Horusd: We've tried contacting the appropriate agencies in the Netherlands. They all say that they cannot help us because we don't live in the Netherlands. We must first move back and then try to arrange something. Of course, the cost of moving, trying to rent a house with the bad credit and without first having jobs is not possible. We are not running from the situation - but sometimes at 3:00 am when I can't sleep due to the stress of this, I sometimes think about brushing up my Spanish and moving to Argentina


----------



## doughb (20 Aug 2011)

dotdarling said:


> I sometimes think about brushing up my Spanish and moving to Argentina



Which is something ye could think of. Not actually going to Argentina ( spent 6 months there ) but emigrating to New Zealand for example. Since both of ye are not Irish and it doesn't appear ye want to move back to NL ( spent time there too) it could be your answer. Start afresh in a new country where there is alot of job opportunities. And, didnt the dutch half discover this country first


----------



## dotdarling (20 Aug 2011)

doughb: The Dutch seemed to colonize quite a few countries - they got around. I worry that by just moving to another country, I will replace the stress of how to pay the debt and dealing with bullying collection agents with the guilt of just leaving the debt behind. We think about staying and facing the music (court) when the time comes and hopefully a judge will help the creditor see reason and allow us to make payments that we can afford and that pay off the debt. On the other hand, in our weaker moments, we think "stuff it, we'll move to another country - start fresh and be responsible.

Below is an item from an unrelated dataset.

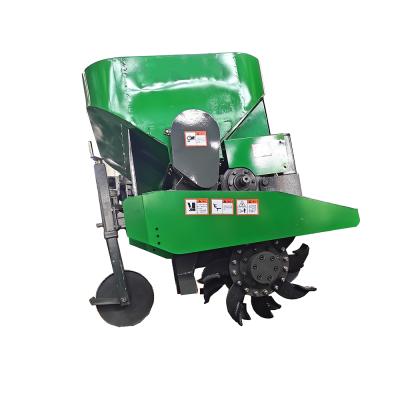 China Multiple Attachment Spreader Fertilizer Machine / Seaweed Fertilizer Spreader for sale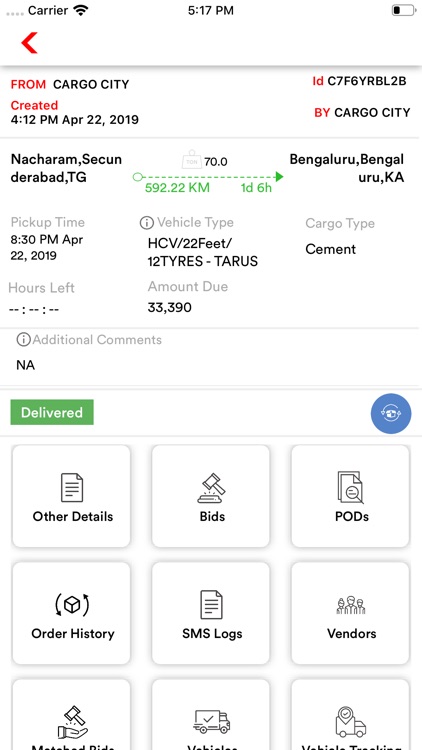 Cargo Exchange screenshot-5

We have other debts that have arrangements made and on which we make payments. It's just these 2 large ones that will absolutely not work with us so that we can make payments that pay off the debt. We've told them what we can afford to pay each month if they stop the interest. They won't stop the interest and want us to make those payments anyway - which is throwing money into a black hole as it wouldn't even cover the monthly interest charged. They say that we are in no position to dictate terms to them. I can only hope that if we stay in Ireland and it get to the courts, that a judge will see that we've tried to arrange reasonable payments and then force the creditors to work with us.


----------



## horusd (20 Aug 2011)

I would still check with the eu consumer centre here. I would imagine they could offer some help, or at least point you in the right direction. You might also check out free legal aid, who may offer some advice. See www.flac.ie/


----------



## dotdarling (21 Aug 2011)

thx horusd. I'll check out both suggestions.


----------